MOOSEHEART – The Mooseheart boys basketball team has an international fan base, one that’s particularly strong in South Sudan.
Senior forward Makur Puou – one of three Red Ramblers starters from South Sudan – enjoyed a congratulatory phone conversation with his mother after Tuesday night’s supersectional win against Lanark Eastland that advanced the Ramblers to this weekend’s IHSA Class 1A state tournament.
Puou said he communicates regularly with his mother, father, three brothers and sister, who live in Rumbek, South Sudan.
“I talked to them [Tuesday] night,” Puou said. “My mom called me to make sure if we won or not, and I told her we’re doing very good. She’s proud of me. All my family, my dad, too, they’re proud of me.”
Puou said Rumbek is in a relatively safe part of South Sudan, but he and teammates Akim Nyang and Mangisto Deng live with constant worries of how their loved ones are doing in the country, which has been decimated by civil war and ethnic killings.
Puou said talking with his family energizes him to make the most of his experience at Mooseheart.
“When I talked to them [Tuesday night], they all were there,” Puou said. “My mom woke them up. It was early this morning for them when I was going to bed. Everyone woke up to hear my voice. They’re really proud of me. That motivated me more.”

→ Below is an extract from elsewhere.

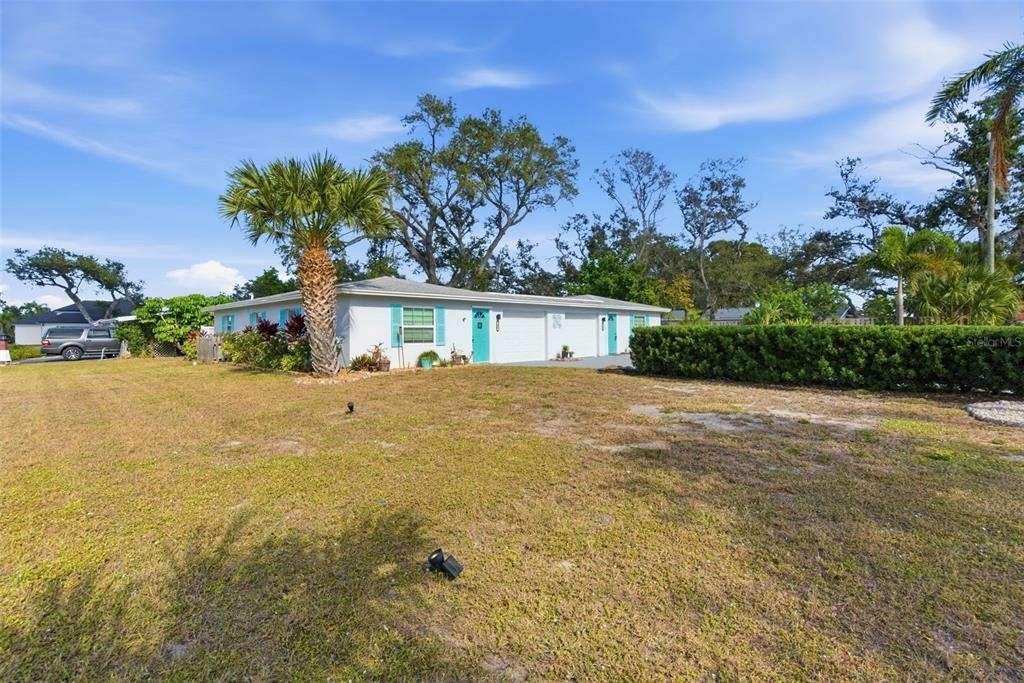 2227 Montclair Drive - Photo 2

State favorites?: Not only does Mooseheart have a front line that more closely resembles an NBA team in stature than a Class 1A high school team, but Mooseheart heads to Peoria this weekend with the fewest losses among the four teams competing.
The Ramblers – who won their supersectional over Eastland by 18 points – would appear to be favorites to win their first state championship, but coach Ron Ahrens wasn’t ready to embrace that tag.
“I don’t know if we are the favorites but I think we’ve put a lot of work into getting to the Final Four,” Ahrens said. “I hope we go down to the Final Four and we’re successful and we can play the game we can play. If we play defense like we have been lately, I think we have a really good chance to win.”
Ahrens credited playing in the Geneva Summer League and at DePaul’s team camp, along with facing Class 3A and 4A opponents during the regular season, for the school’s unprecedented postseason run.
Mystery opponent: Mooseheart’s semifinal opponent, Mendon United, hails from western Illinois.
Ahrens said never having heard of the school before this postseason, and as of Wednesday’s practice, he knew hardly anything about the Mustangs beyond the basic information listed on the IHSA’s website.
Mendon United beat Waterloo Gibault, 67-49, in Tuesday’s Jacksonville Supersectional.
“Out of the four supersectionals, they weren’t even [online] last night,” Ahrens said. “So we’re scrambling trying to find out anything we can on them just by looking at scores and pictures and stuff like that. That’s been the tough part.”
The Mustangs’ tallest player, 6-foot-5 senior Lane Davis, leads the team at 14.2 points a game.
Mooseheart guard Hameed Odunewu said the Ramblers’ distinct and high-powered roster is much easier to research.
“It stinks because I’m sure they know everything about us, but we have no idea who they are,” Odunewu said. “To be there, they’re definitely no slouch, they’re a good team if they’re here. The fact that we have no idea what makes them good … with [Eastland in the supersectional], we were able to scout them, but now with this team, we know nothing about them.”
Rambler nation: Ahrens said Mooseheart’s entire campus will trek to Peoria this weekend, and he probably wasn’t exaggerating much.
“We’re going to charter four buses down there Friday and Saturday,” Ahrens said. “We’ll get everyone here on campus to go, and then we have probably one of the greatest fan bases in high school basketball when you say you have a million [Moose members] that are fans of Mooseheart. You never know how many are going to show up, and especially in the state of Illinois. We have a large Moose population in the state of Illinois, so we should have a good turnout for us.”